I'm encountering an issue when trying to load a saved model state dictionary into my TransformerDecoderModel. The error I receive is:
RuntimeError: Error(s) in loading state_dict for TransformerDecoderModel:
size mismatch for embed.weight: copying a param with shape torch.Size([10000, 128]) from checkpoint, the shape in current model is torch.Size([6313, 128]).
size mismatch for fc.weight: copying a param with shape torch.Size([10000, 128]) from checkpoint, the shape in current model is torch.Size([6313, 128]).
size mismatch for fc.bias: copying a param with shape torch.Size([10000]) from checkpoint, the shape in current model is torch.Size([6313]).
This happens because there's a discrepancy between the vocab_size used during training and the one defined at the time of loading the model.
Here are the relevant parts of my code:
Training: The model was trained with a vocab_size of 10000. Loading: Upon loading, the model is instantiated with a vocab_size that seems to be different, specifically 6313. The vocabulary size difference is likely due to changes in the tokenizer after training. How can I resolve this issue? Is there a way to ensure the vocab_size remains consistent or adjust the loaded weights to match the new vocab_size?
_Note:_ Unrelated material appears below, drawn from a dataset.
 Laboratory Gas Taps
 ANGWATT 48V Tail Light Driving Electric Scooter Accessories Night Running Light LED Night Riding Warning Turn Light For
Any help would be greatly appreciated!
Code Snippet (代码片段):
import torch
import torch.nn as nn
import torch.optim as optim
from torch.utils.data import DataLoader, Dataset
import json
from bpe_tokenizer import BpeTokenizer
import os
class TransformerDecoderModel(nn.Module):
def __init__(self, vocab_size, embed_size, num_heads, hidden_dim, num_layers):
super(TransformerDecoderModel, self).__init__()
self.embed = nn.Embedding(vocab_size, embed_size)
self.positional_encoding = PositionalEncoding(embed_size)
decoder_layer = nn.TransformerDecoderLayer(d_model=embed_size, nhead=num_heads, dim_feedforward=hidden_dim)
self.transformer_decoder = nn.TransformerDecoder(decoder_layer, num_layers=num_layers)
self.fc = nn.Linear(embed_size, vocab_size)
def forward(self, src, tgt):
# Embedding and positional encoding for both src and tgt
src = self.embed(src) * torch.sqrt(torch.tensor(src.size(-1)).float())
tgt = self.embed(tgt) * torch.sqrt(torch.tensor(tgt.size(-1)).float())
src = self.positional_encoding(src)
tgt = self.positional_encoding(tgt)
out = self.transformer_decoder(tgt, src)
out = self.fc(out)
return out
def train_model(data_path, tokenizer_path, model_path, vocab_size, min_freq, epochs=1, batch_size=2, grad_accum_steps=16):
if os.path.exists(tokenizer_path):
tokenizer = BpeTokenizer(tokenizer_path)
print("Loaded existing tokenizer.")
else:
tokenizer = BpeTokenizer()
tokenizer.train([data_path], vocab_size, min_freq)
tokenizer.save(tokenizer_path)
print("Trained and saved tokenizer.")
with open(data_path, 'r', encoding='utf-8') as f:
data = json.load(f)['data']
dataset = ChatDataset(data, tokenizer)
dataloader = DataLoader(dataset, batch_size=batch_size, shuffle=True)
device = torch.device('cpu')
model = TransformerDecoderModel(vocab_size, embed_size=128, num_heads=2, hidden_dim=256, num_layers=2).to(device)
criterion = nn.CrossEntropyLoss(ignore_index=-100)
optimizer = optim.Adam(model.parameters(), lr=0.001)
for epoch in range(epochs):
model.train()
total_loss = 0
for i, batch in enumerate(dataloader):
input_ids = batch['input_ids'].to(device)
labels = batch['labels'].to(device)
outputs = model(input_ids, input_ids) # Assuming src and tgt are the same here
loss = criterion(outputs.view(-1, vocab_size), labels.view(-1))
loss = loss / grad_accum_steps
loss.backward()
if (i + 1) % grad_accum_steps == 0:
optimizer.step()
optimizer.zero_grad()
total_loss += loss.item() * grad_accum_steps
print(f'Epoch {epoch + 1}, Loss: {total_loss / len(dataloader)}')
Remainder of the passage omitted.